WHAT THE EXERCISE ASKS
Using the records below, write out again exactly the lines that begin at the line containing "590ml ボトル ライラック" and end at the line containing "buaymiYa_01's tweet photo.", and no other lines.

SUPPLIED RECORDS
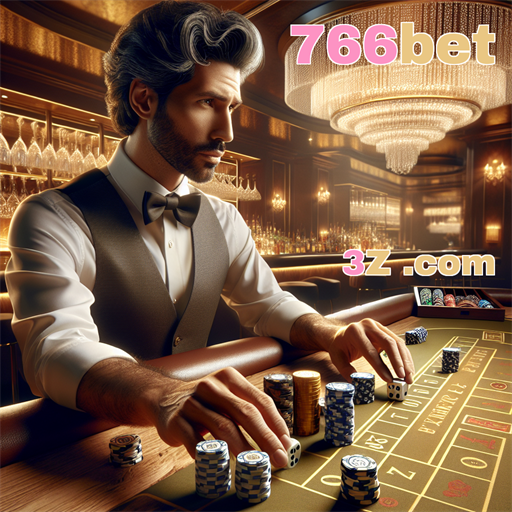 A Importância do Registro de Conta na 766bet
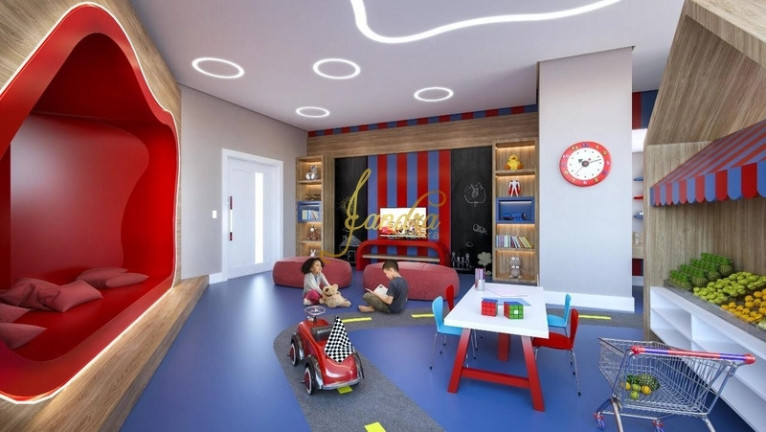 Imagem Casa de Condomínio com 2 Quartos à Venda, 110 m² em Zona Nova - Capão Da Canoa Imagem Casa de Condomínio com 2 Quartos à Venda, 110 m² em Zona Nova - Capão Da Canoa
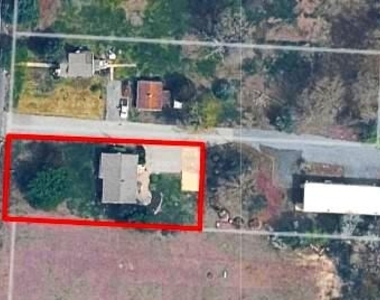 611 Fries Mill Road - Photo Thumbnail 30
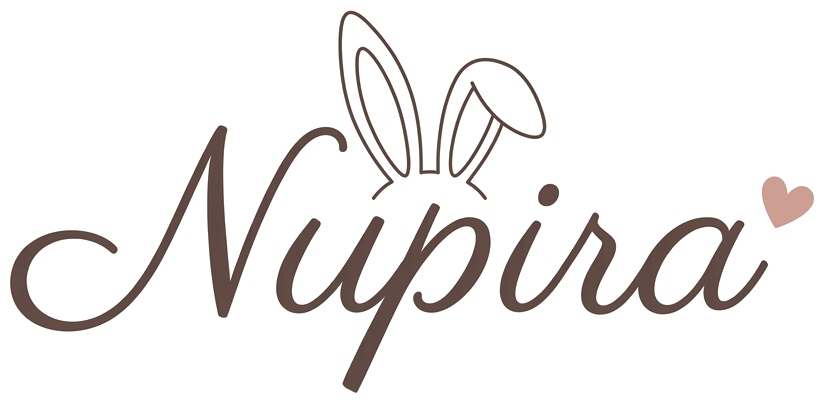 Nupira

* * *

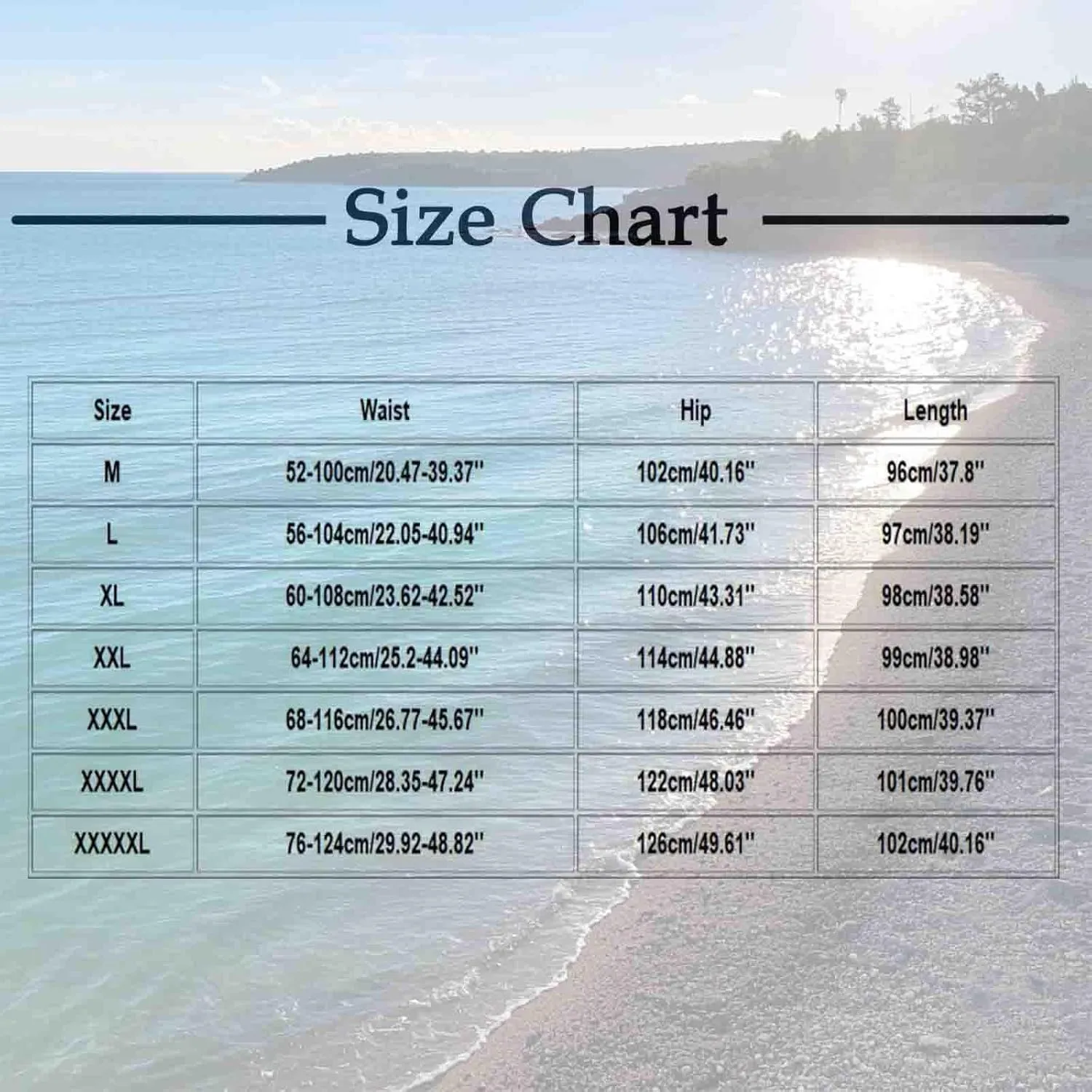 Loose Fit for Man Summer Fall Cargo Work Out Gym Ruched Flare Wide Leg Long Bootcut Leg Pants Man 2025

* * *

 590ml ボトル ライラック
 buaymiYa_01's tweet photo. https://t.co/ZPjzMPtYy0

FINAL ANSWER
 590ml ボトル ライラック
 buaymiYa_01's tweet photo. https://t.co/ZPjzMPtYy0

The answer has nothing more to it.